=== Section Start ===

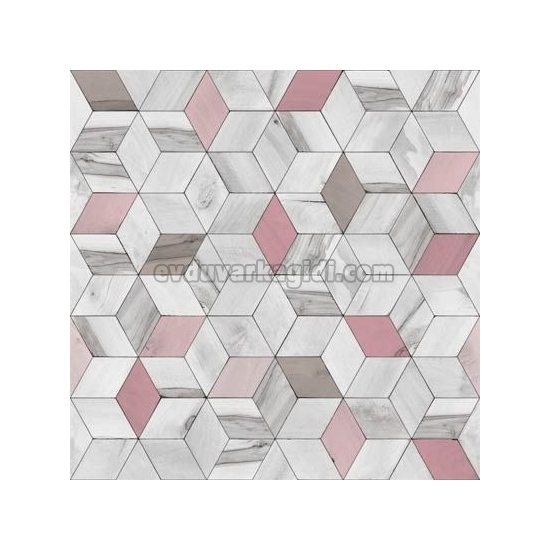 Ugepa (fransız) Hexagone 3 Boyutlu Pembe Geometrik Ahşap Desenli L59303 Duvar Kağıdı 5 M²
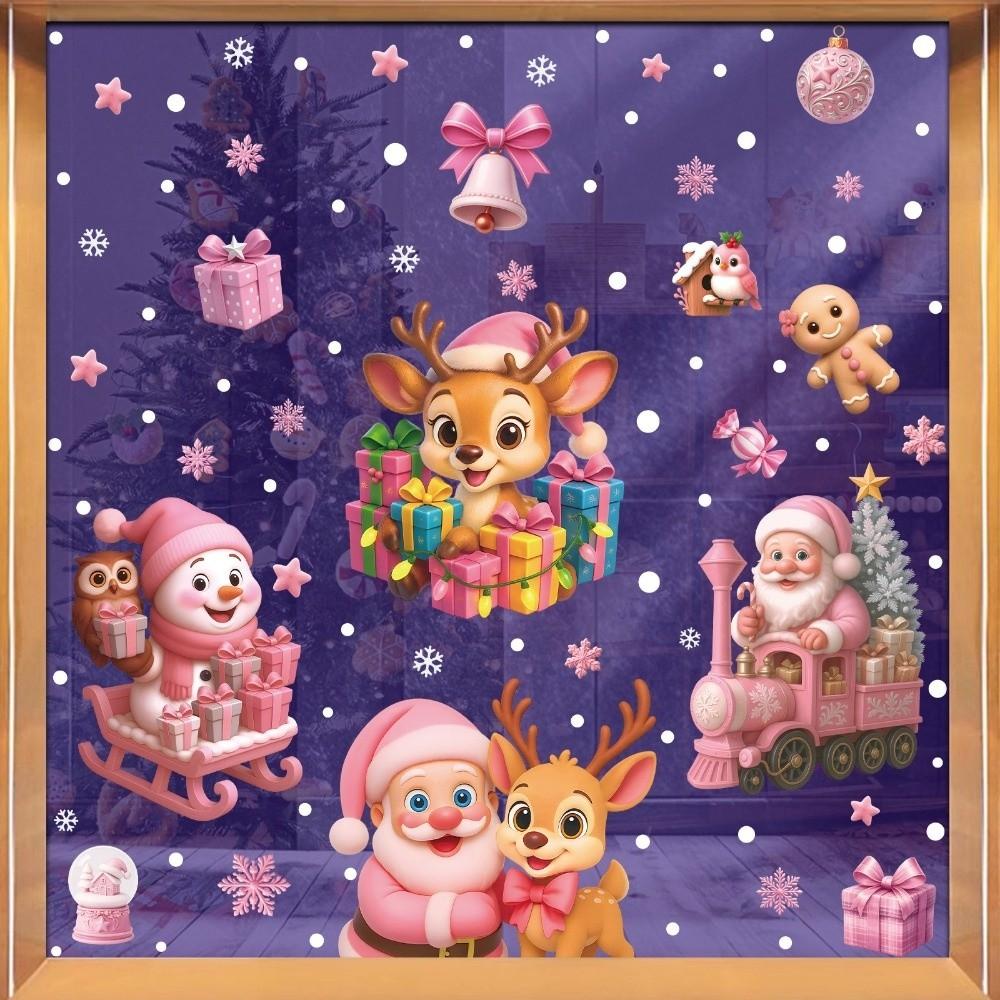 Removable PVC Window Stickers Santa Claus Reindeer Xmas Decal Snowflake Glass Windows Decor Christmas Stickers Window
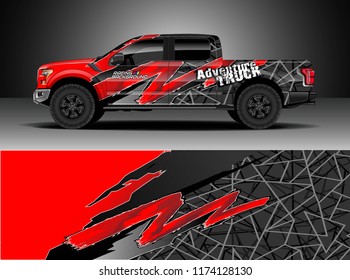 Truck decal wrap design vector. Graphic abstract stripe racing background kit designs for wrap vehicle, race car, rally, adventure and livery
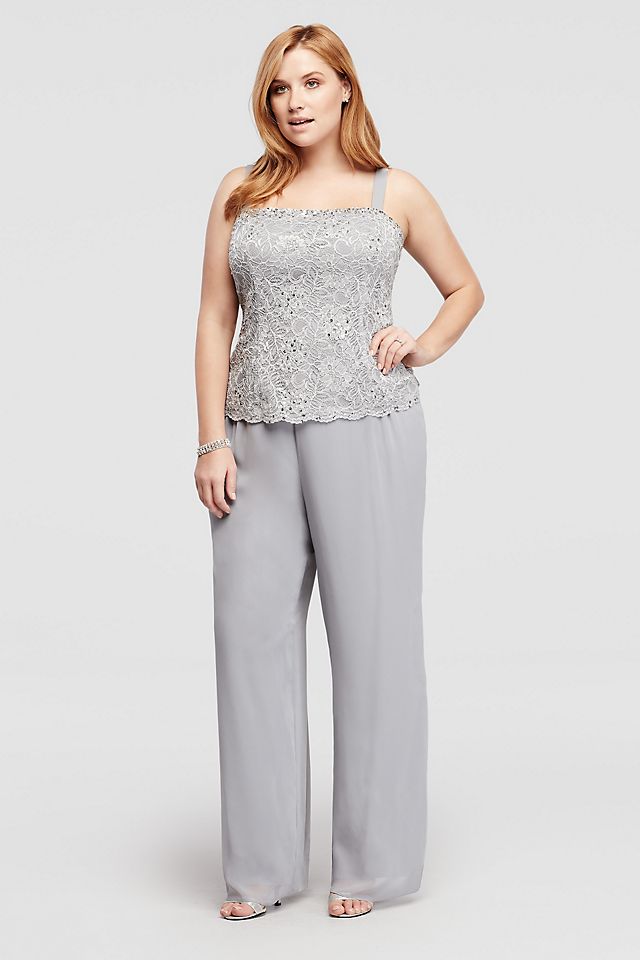 Three Piece Chiffon Pant Suit with Sequined Bodice Image 6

=== Section End ===

» **Description of the task**:
Print exactly, and only, the lines from the one with "Truck decal wrap" through the last line of the listing above. No pictures belong in the copy.

» **Answer box**:
 Truck decal wrap design vector. Graphic abstract stripe racing background kit designs for wrap vehicle, race car, rally, adventure and livery
 Three Piece Chiffon Pant Suit with Sequined Bodice Image 6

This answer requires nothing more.